Lauren Jauregui è una affermata pugile statunitense con origini cubane, alla soglia dei suoi 26 anni ha già acquisito numerosi titoli nella categoria pesi medi ed è riuscita a girare il mondo disputando più di 50 match. La passione per la boxe l'ha...
Lauren's Pov: Le voci provenienti dagli spalti riecheggiavano nel mio spogliatoio ,rindontanti e cariche di foga. Mi sentivo come una bestia in gabbia,sul punto di essere liberata per lottare con un gladiatore. Avvertivo ogni muscolo del mio corpo contrarsi ad ogni minimo respiro, l'adrenalina che mi scorreva nelle vene mi faceva comprendere di essere viva,viva per davvero.
Per tutta la vita avevo avvertito di essere viva per metà,come se ogni cosa che vivessi non avesse mai la giusta intensità,la giusta carica. Avvertivo come se gli eventi mi scivolassero addosso e io rimanessi inerme a guardare. Era stato così da sempre,fino a che avevo messo piede su un ring. Conoscevo bene il mio corpo oramai,sapevo esattamente come reagiva alla adrenalina e all'ansia. Avvertivo milioni di pizzichi all'altezza delle gambe,come se mi spingessero a saltare più in alto possibile. Tutto ciò era la mia benzina.
Sapevo quanto la mia avversaria fosse forte, avevo visto alcuni dei suoi match disputati l'anno precedente. Era scaltra,veloce e soprattutto molto tecnica. Portava colpi perfetti,ma ero sicura questo non le sarebbe bastato. L'avrei sconfitta in patria,nella sua casa: avrebbe subito la vergogna dei suoi concittadini. Il pubblico acclamava il mio nome dall'esterno,li sentivo,pronti a vedere in azione il giaguaro del ring. "Jaguar! Jaguar! Jaguar" strepitavano a gran voce. Uscii dallo spogliatoio e percorsi il breve corridoio,fino a posizionarmi di fronte al cancello sbarrato,sottostante gli spalti. La struttura in questione aveva la forma di un anfiteatro al cui centro era situato il ring rosso e nero,nella parte circostante gli spalti. Io e la mia avversaria saremmo apparse dalle porte sottostanti il pubblico,proprio come se fossimo nell'antica Roma e da lì a poco ci fosse un duello.

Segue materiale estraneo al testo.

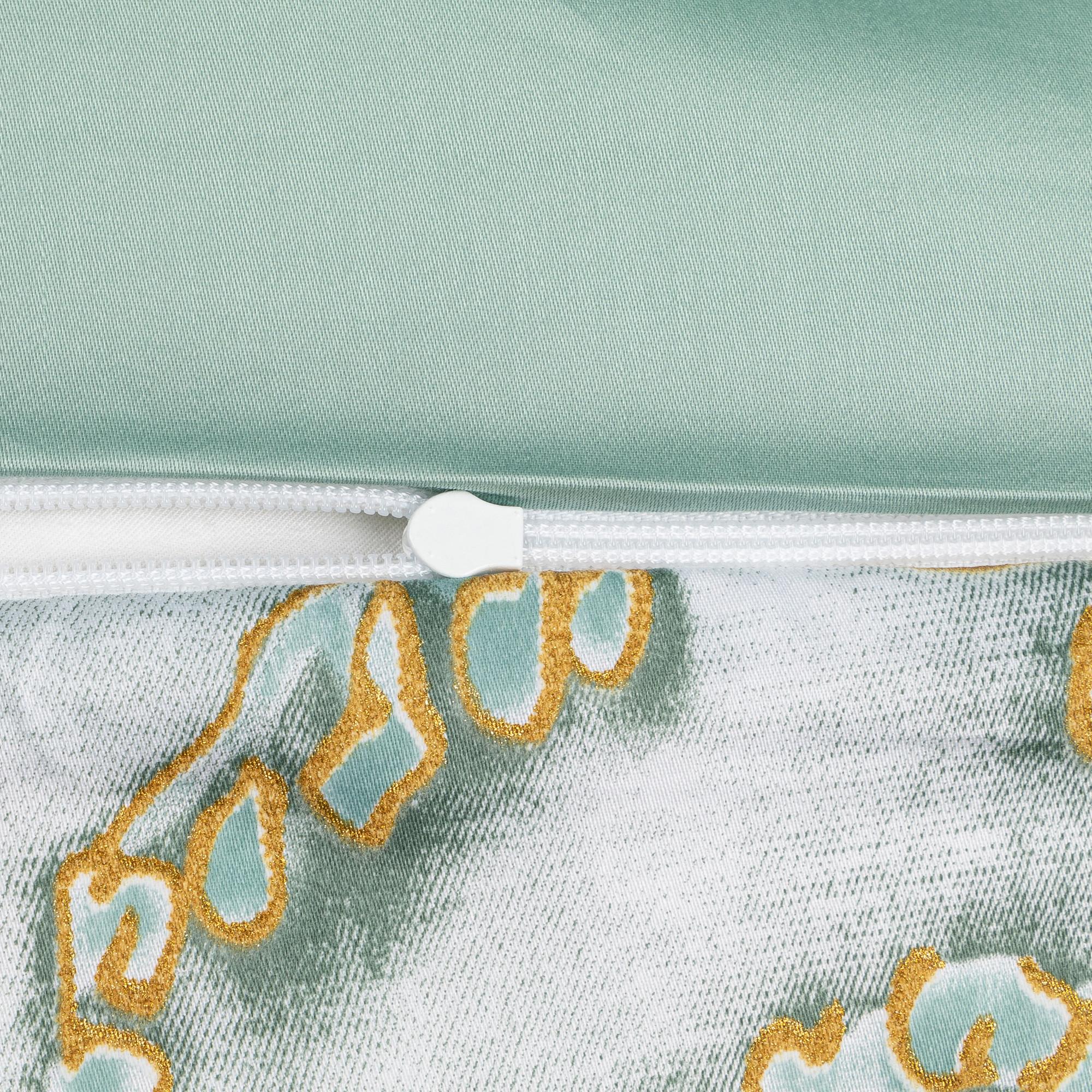 FAZZINI Chinoiserie Motivo Floreale Federa del cuscino  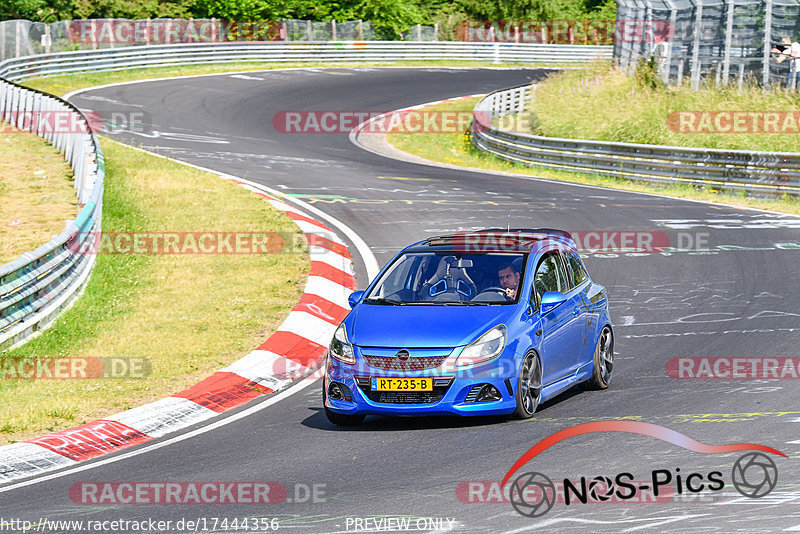 Bild #17444356 - Touristenfahrten Nürburgring Nordschleife (19.06.2022)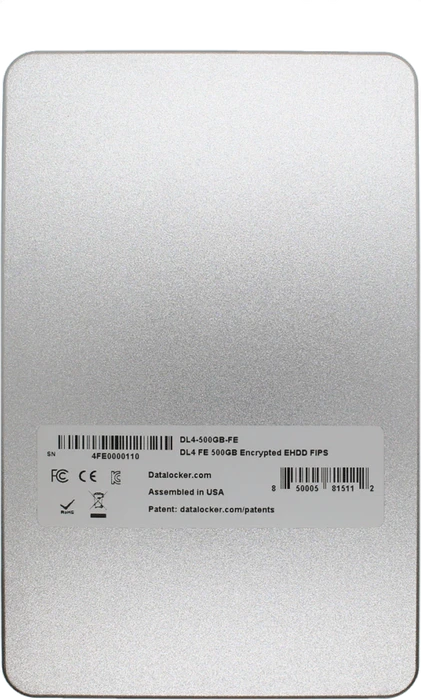 DataLocker DL4 FE SSD, 2.5", 1TB, USB-C 3.1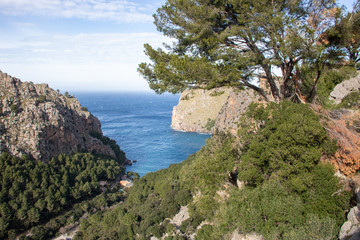 Fototapeta premium Torrent de Pareis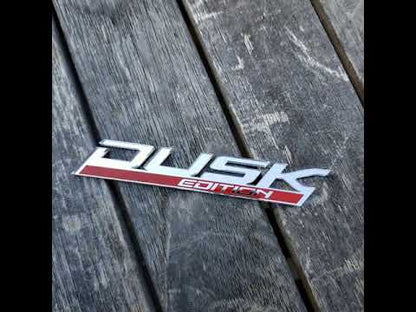 Dusk Edition Emblem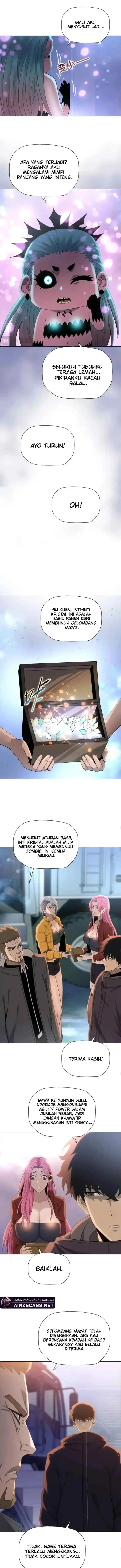 The Last All-Knowing Man Collected Trillions of Stuff from Day One chapter 94 halaman 6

Avevo infilato il mio solito completino bianco e avevo indosso un accappatoio che mi copriva parzialmente il capo,ora chino. Era una veste di raso bianco con delle scritte argento. I guantoni bianchi erano stati stretti da Fred,il mio preparatore atletico nei match. Avvertivo l'adrenalina mangiarmi lo stomaco,divorarmi dalle punte dei piedi fino all'ultimo capello. I capelli corvini erano stati stretti in due trecce sul capo. "Apri la bocca" mi ordinò Fred, posizionandomi il paradenti trasparente tra le fauci. Lo strinsi con i denti per abituarmi alla sensazione,in pochi secondi sentii la familiarità di quell'oggetto impossessarsi di me. Scrocchiai il collo da una parte all'altra e feci scontrare tra loro i guantoni. Avvertii una voce metallica dall'esterno avvisare riguardo l'inizio del match."Che lo spettacolo abbia inizio..." sussurrai e il portone dinnanzi a me si aprì,rivelando le urla sfegatate dei tifosi.
Una luce bianca mi accecò e le voci dei presenti mi stordirono notevolmente. Urlavano a gran voce il mio nome, la tribuna era stracolma di persone con una grande J disegnata sulle guance. Era il mio simbolo,il mio marchio,era la mia gente e non li avrei delusi per nulla al mondo. Alzai lo sguardo, dopo essermi abituata alla luce, e vidi in prima fila una silhouette fin troppo nota. La latina indossava una maglietta bianca arrotolata in vita e dei pantaloni semi-eleganti rossi,ai piedi dei tacchi aperti. I capelli le ricadevano lungo la schiena,mossi e folti e le orecchie erano state impreziosite da due grandi cerchi dorati. Non riuscivo a vedere bene il suo volto da quella distanza ma la vidi scambiarmi un sorriso timido, a cui ricambiai con un semplice cenno con il capo.